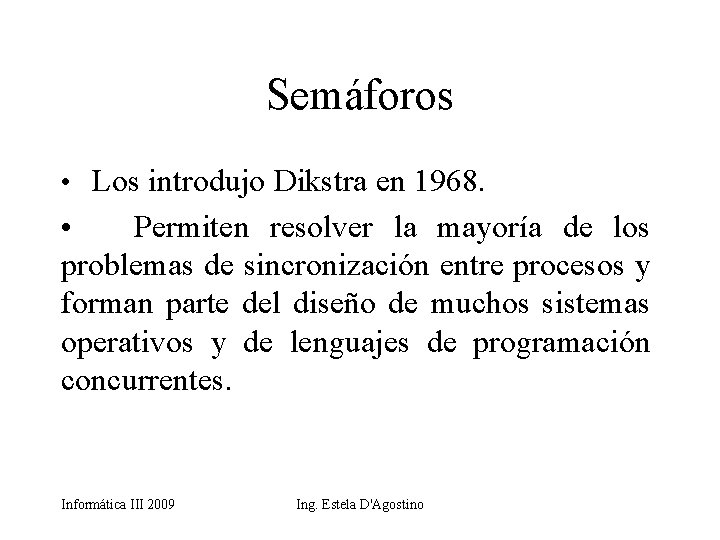 Semáforos • Los introdujo Dikstra en 1968. • Permiten resolver la mayoría de los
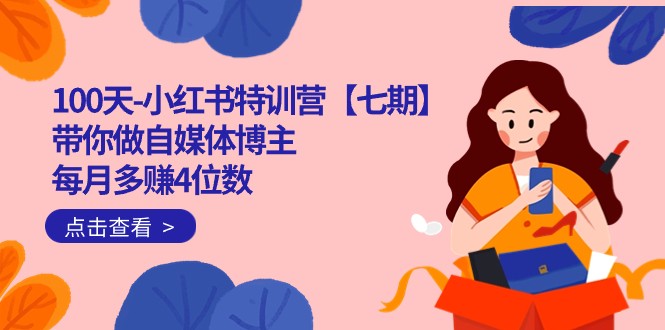 100天-小红书特训营【七期】带你做自媒体博主 每月多赚4位数 IP账号全指南 100天-小红书特训营【七期】带你做自媒体博主 每月多赚4位数 IP账号全指南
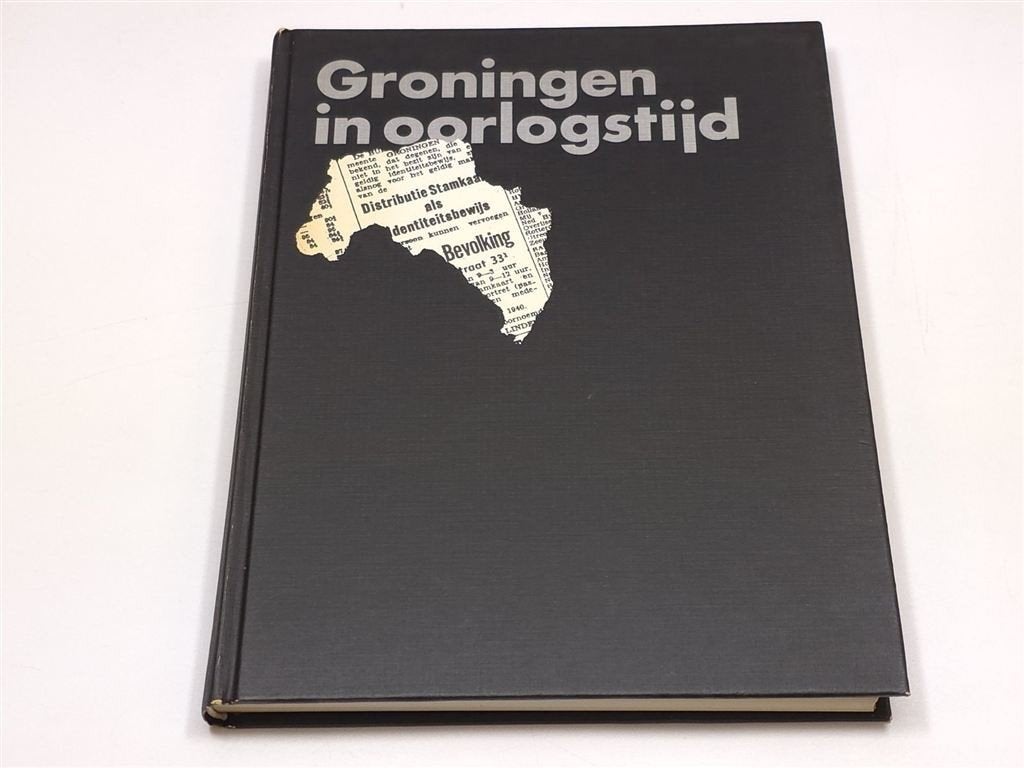 Groningen in Oorlogstijd — Bezetting 1940-1945, Ophalen of Verzenden, Tweede Wereldoorlog, Gelezen, Overige onderwerpen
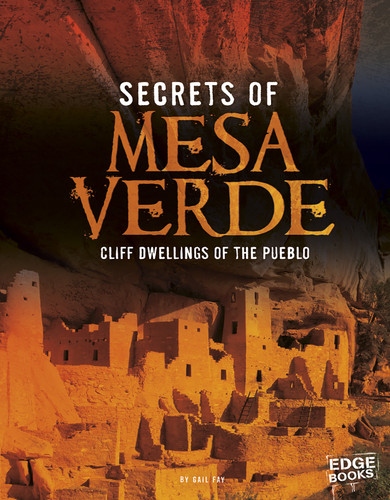 Secrets of Mesa Verde: Cliff Dwellings of the Pueblo (Archaeological Mysteries) book cover by Gail Fay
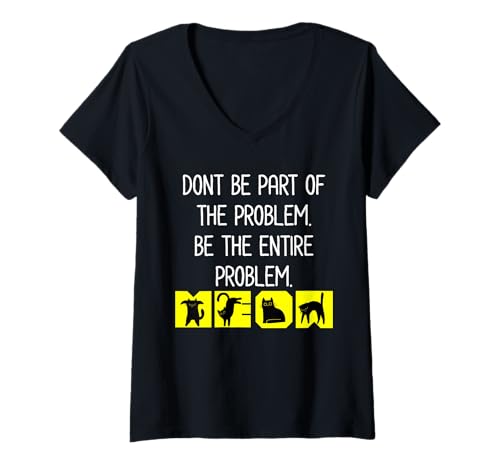 Damen Katze Funny Don't Be Part Of The Problem Be The Entire Problem T-Shirt mit V-Ausschnitt Damen Katze Funny Don't Be Part Of The Problem Be The Entire Problem T-Shirt mit V-Ausschnitt von Cat Funny Don't Be Part Of The Problem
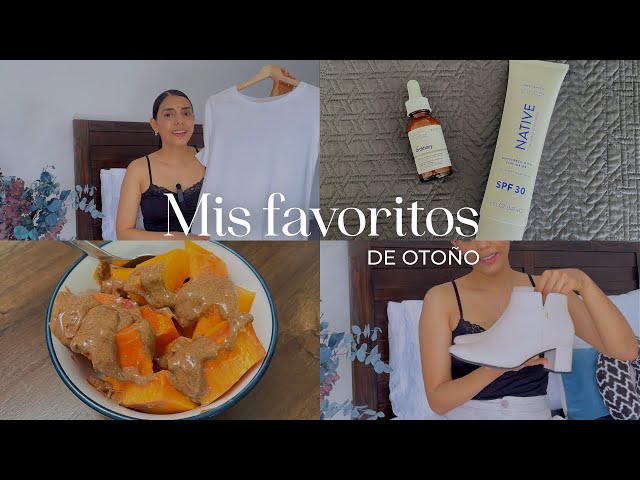 Favoritos y recomendaciones de otoño 🍂🤎 (skincare, apps, comida y más)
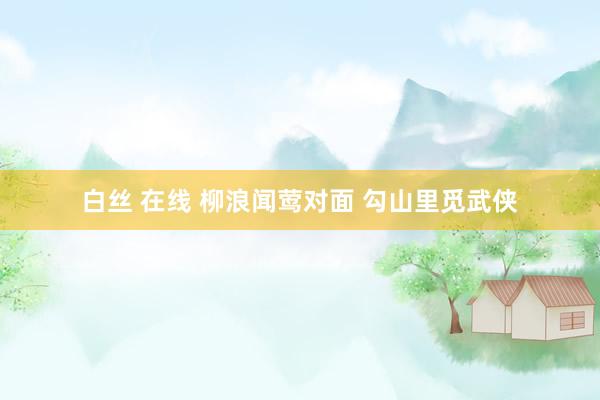 白丝 在线 柳浪闻莺对面 勾山里觅武侠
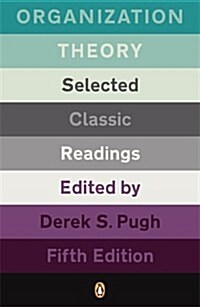 Organization Theory : Selected Classic Readings (Paperback)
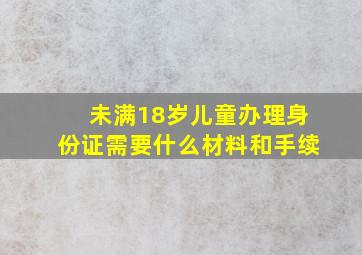 未满18岁儿童办理身份证需要什么材料和手续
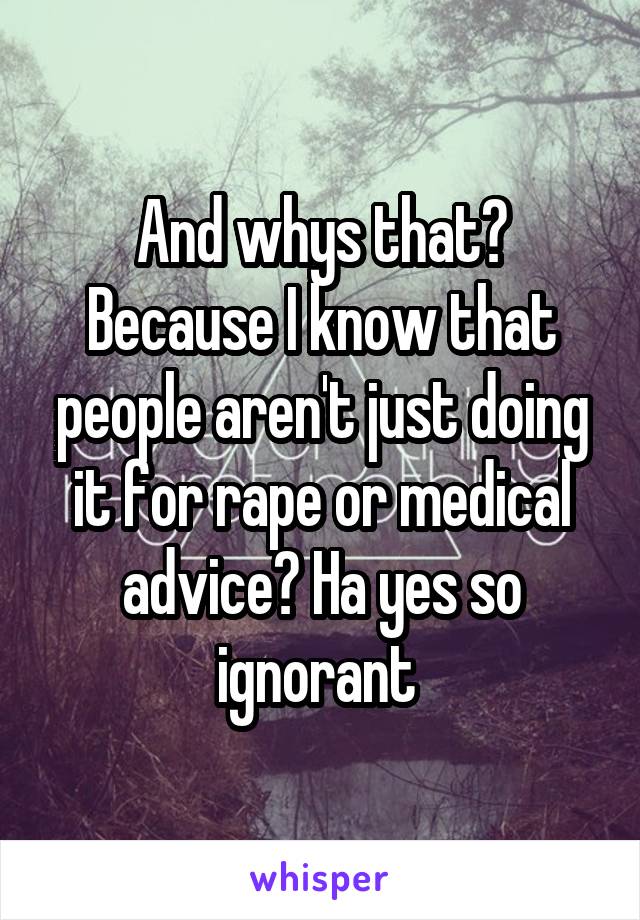 And whys that? Because I know that people aren't just doing it for rape or medical advice? Ha yes so ignorant 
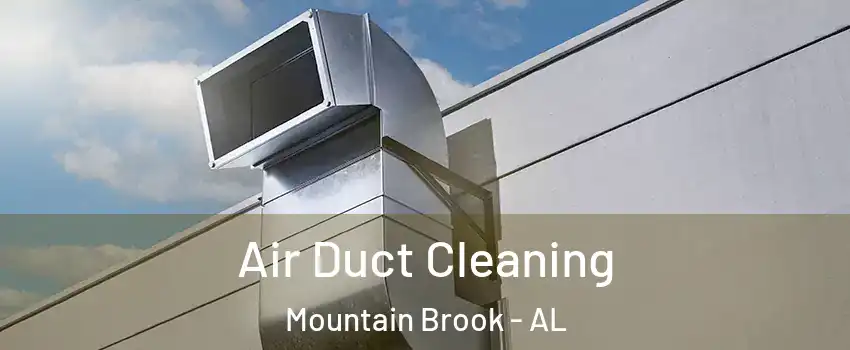  Air Duct Cleaning Mountain Brook - AL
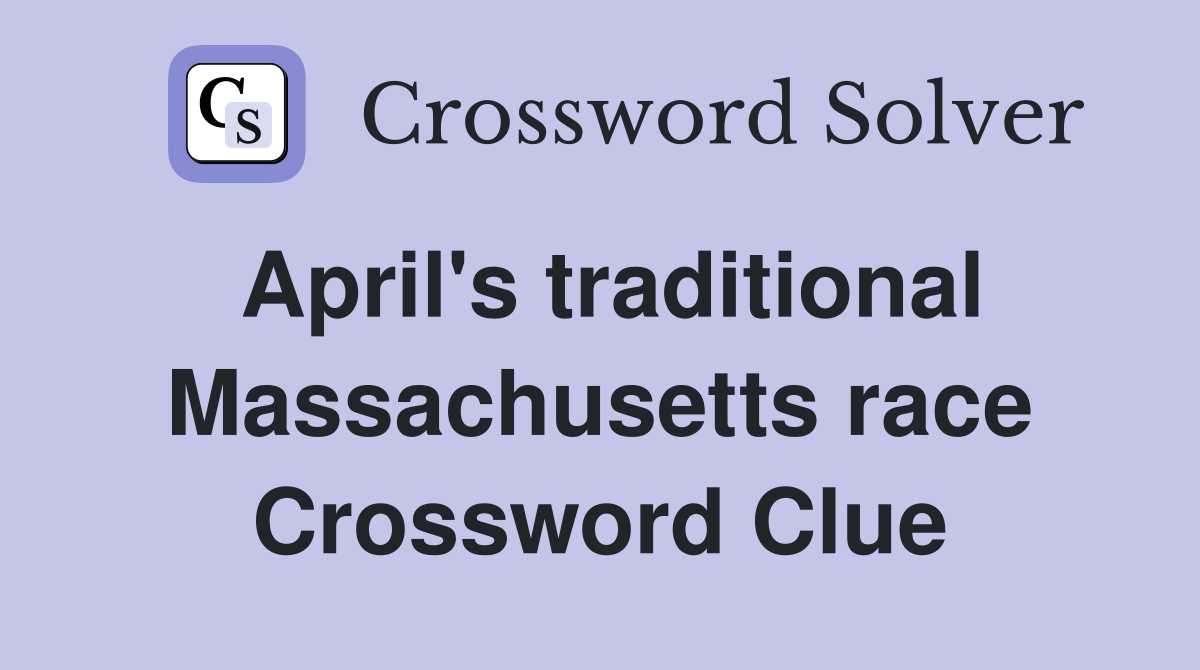 April's traditional Massachusetts race Crossword Clue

********************

Everything from the line containing "白丝 在线 柳浪闻莺对面 勾山里觅武侠" through the last line of the listing above must be output exactly, except the pictures.

 白丝 在线 柳浪闻莺对面 勾山里觅武侠
 Organization Theory : Selected Classic Readings (Paperback)
 未满18岁儿童办理身份证需要什么材料和手续
 And whys that? Because I know that people aren't just doing it for rape or medical advice? Ha yes so ignorant 
  Air Duct Cleaning Mountain Brook - AL
 April's traditional Massachusetts race Crossword Clue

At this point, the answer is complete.